What you need to do:
What is needed is an exact transcription of the line containing "As E Vogel, As" and every line after it through the end of the entries below, with no pictures.
== == ==
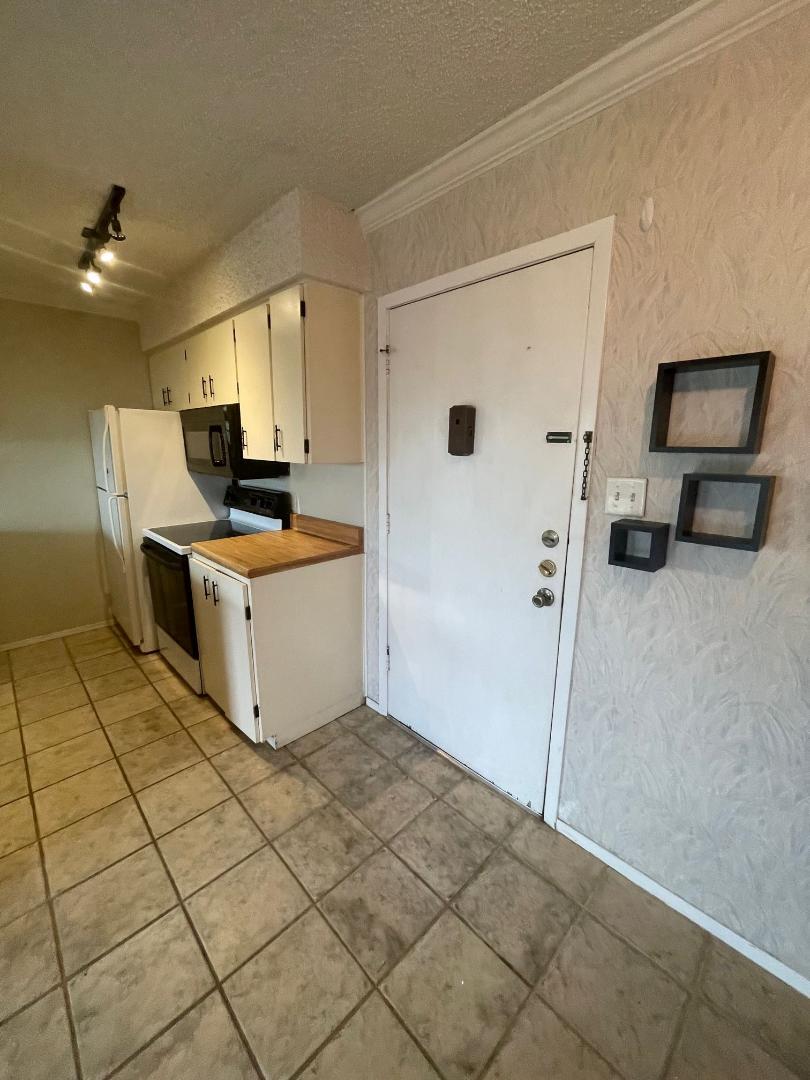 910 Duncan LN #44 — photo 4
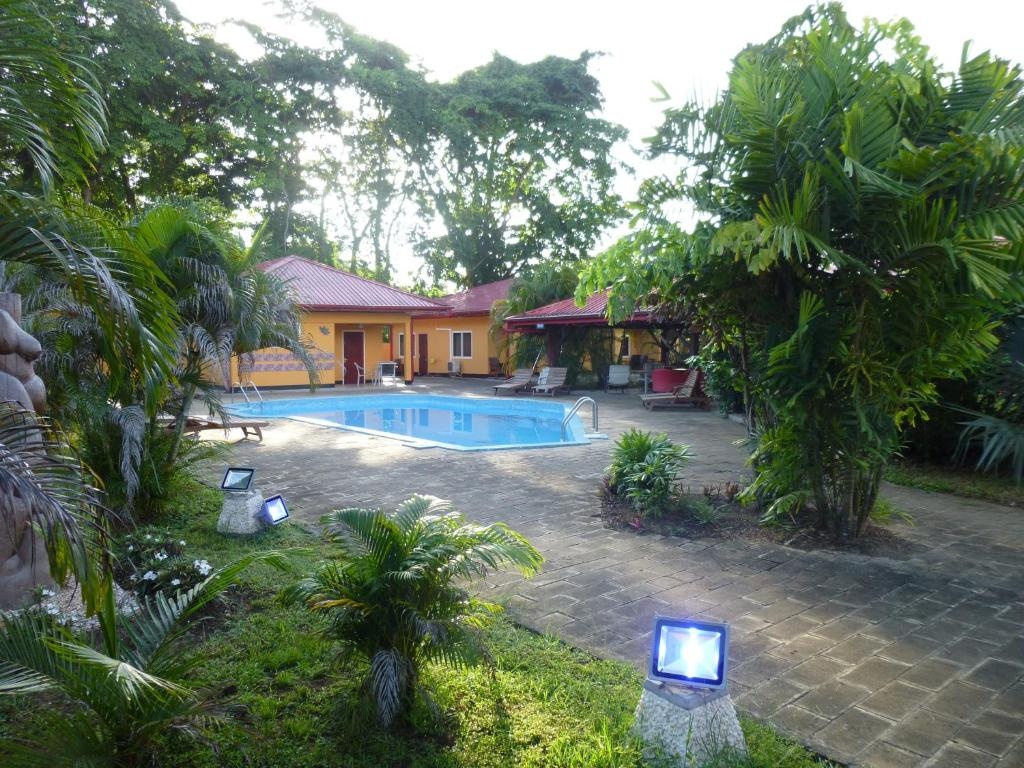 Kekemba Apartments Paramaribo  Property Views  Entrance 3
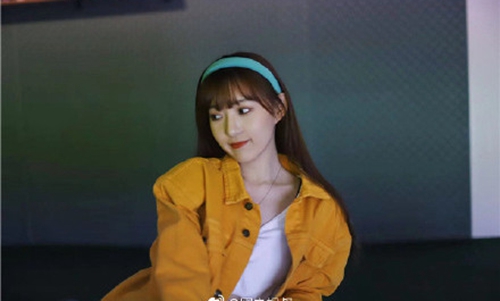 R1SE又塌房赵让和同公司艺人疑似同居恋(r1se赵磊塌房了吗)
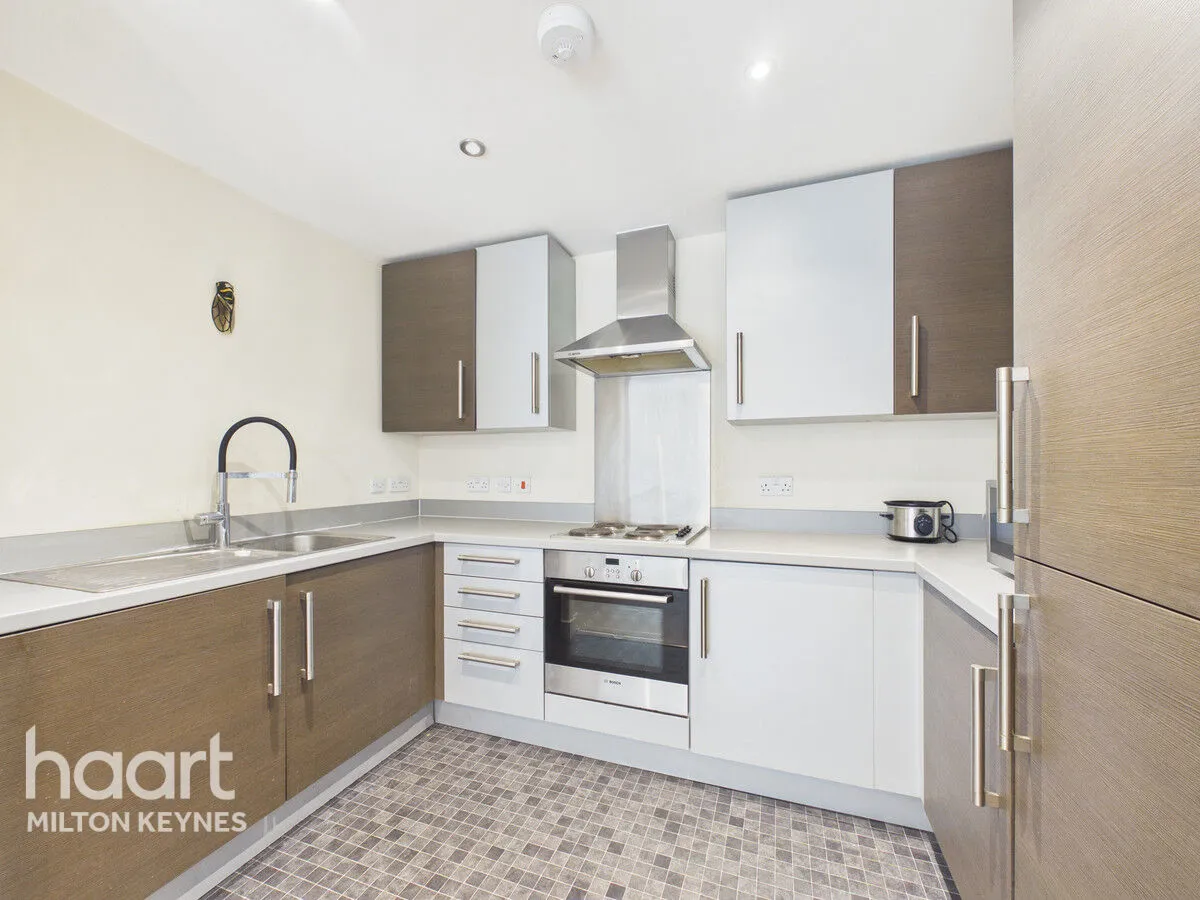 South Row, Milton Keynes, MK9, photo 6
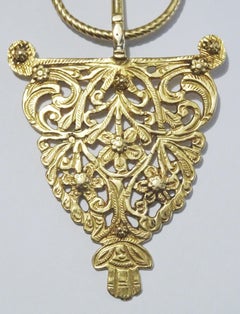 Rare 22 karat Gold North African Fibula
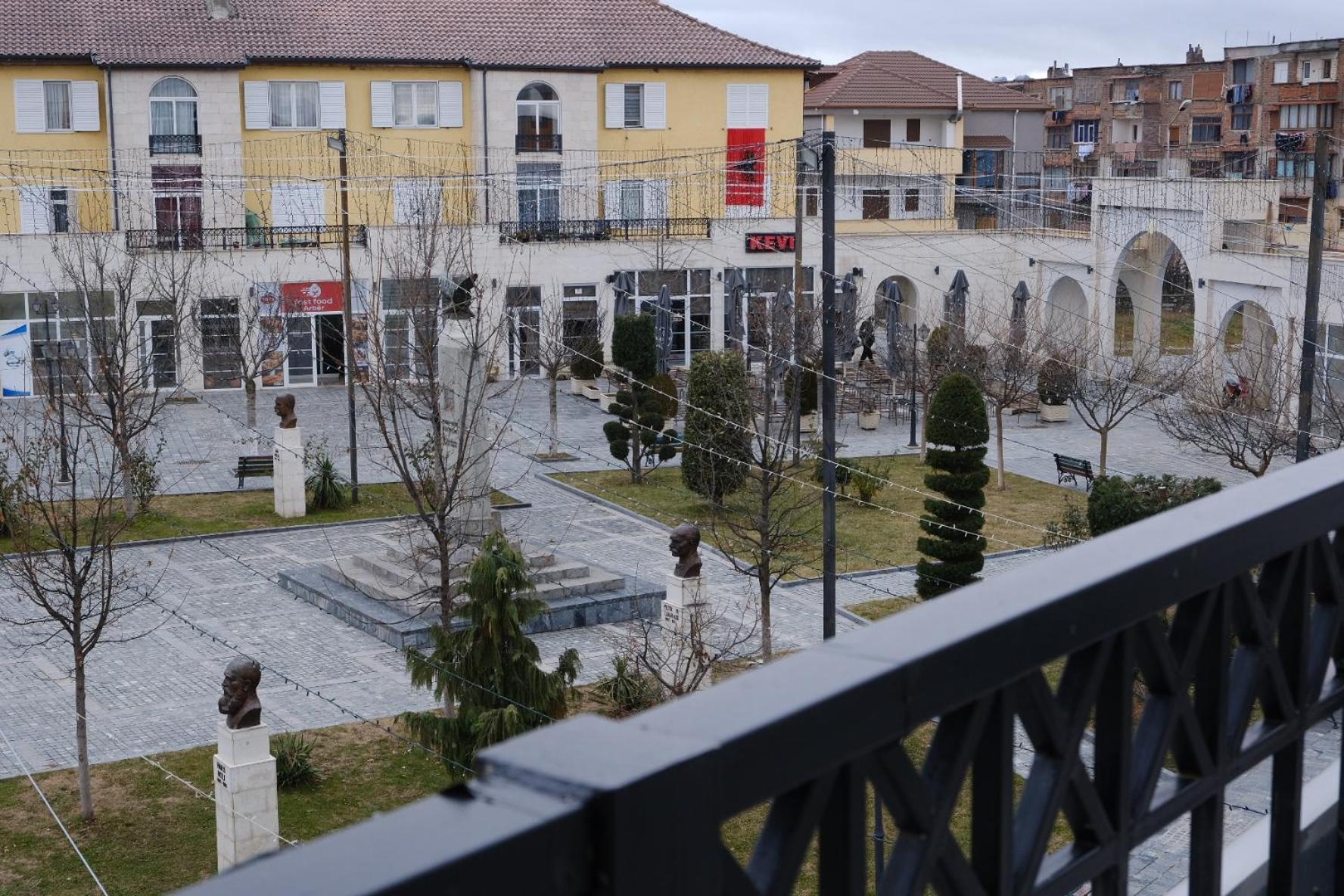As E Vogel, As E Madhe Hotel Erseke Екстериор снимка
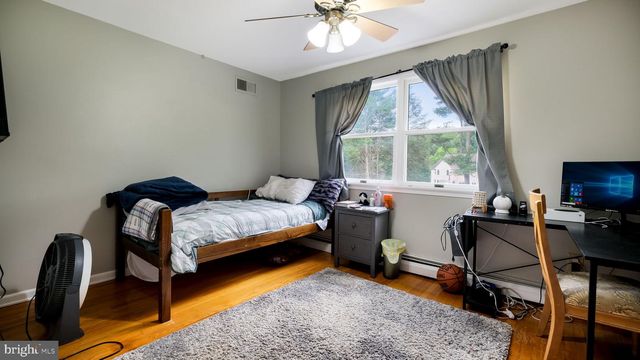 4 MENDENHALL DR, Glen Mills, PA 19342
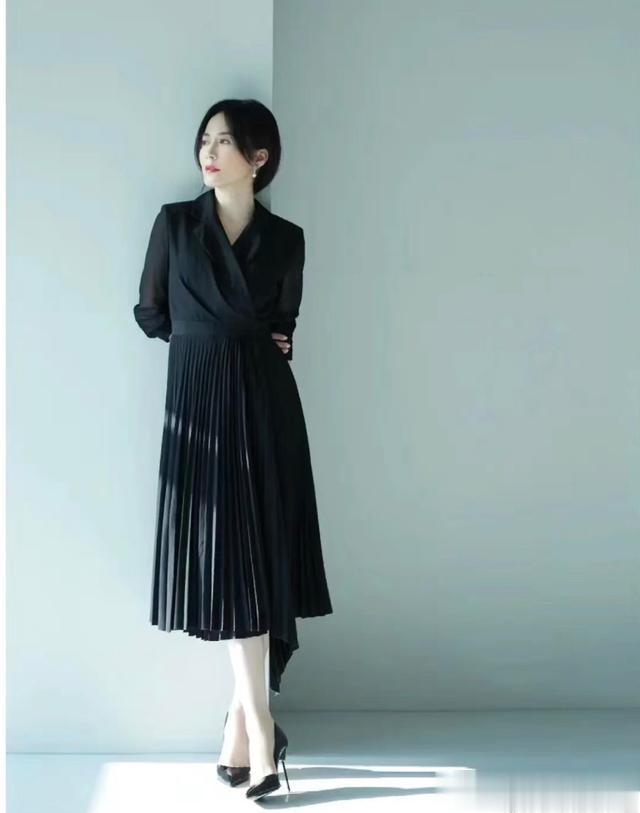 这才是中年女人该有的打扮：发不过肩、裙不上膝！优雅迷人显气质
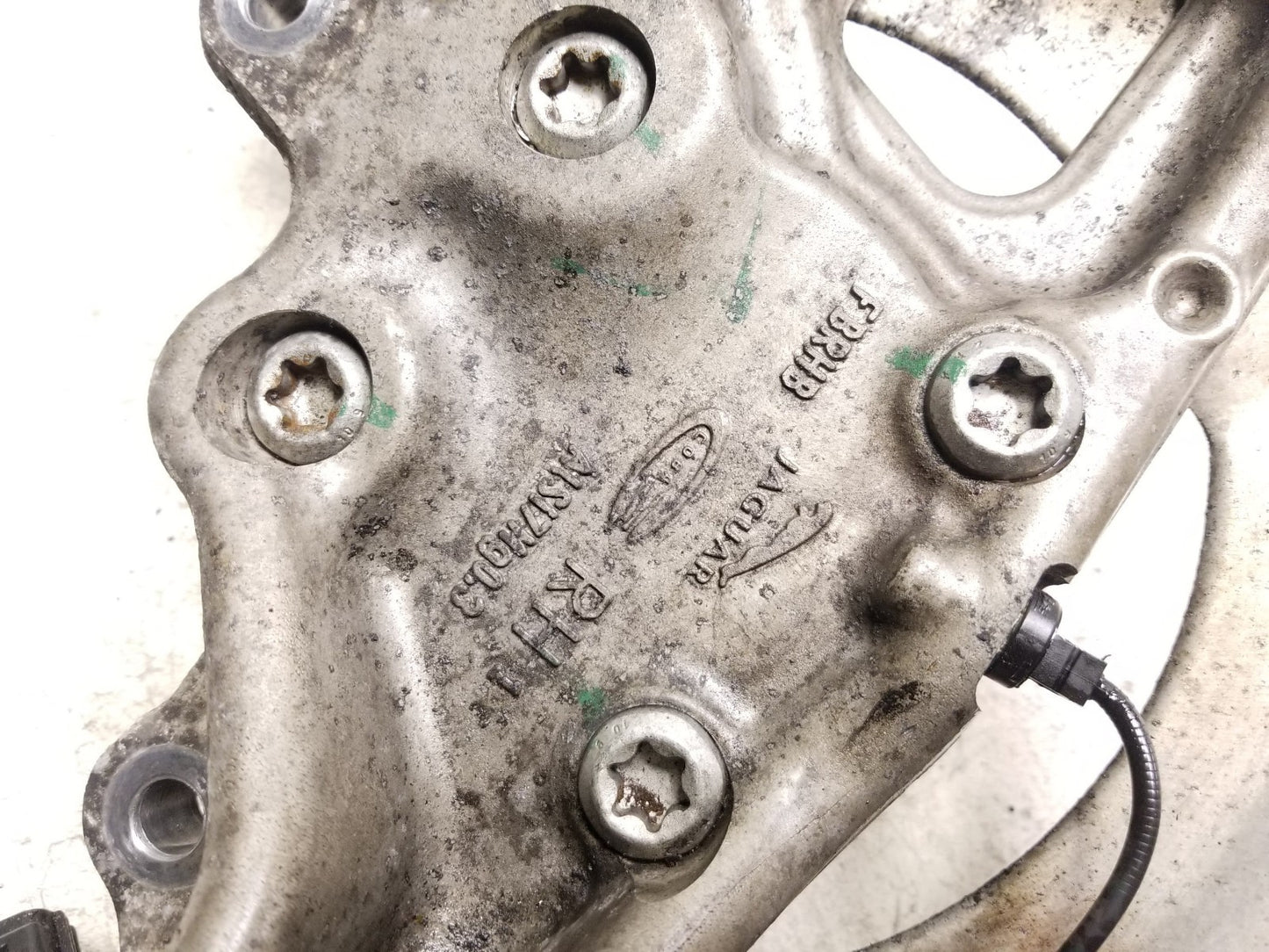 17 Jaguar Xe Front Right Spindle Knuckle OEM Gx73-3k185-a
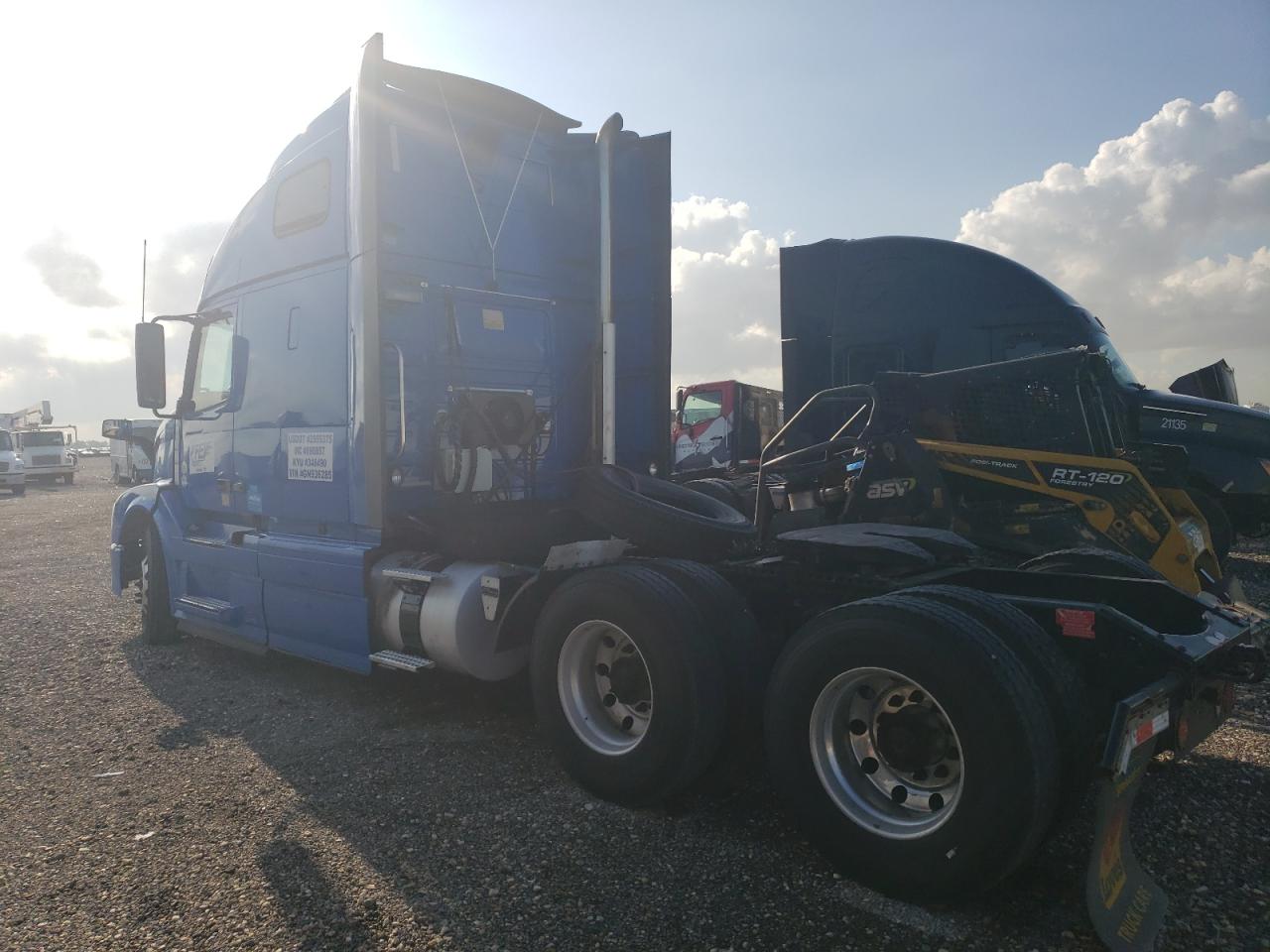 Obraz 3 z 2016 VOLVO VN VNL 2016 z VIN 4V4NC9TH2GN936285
== == ==
Answer box:
As E Vogel, As E Madhe Hotel Erseke Екстериор снимка
 4 MENDENHALL DR, Glen Mills, PA 19342
 这才是中年女人该有的打扮：发不过肩、裙不上膝！优雅迷人显气质
 17 Jaguar Xe Front Right Spindle Knuckle OEM Gx73-3k185-a
 Obraz 3 z 2016 VOLVO VN VNL 2016 z VIN 4V4NC9TH2GN936285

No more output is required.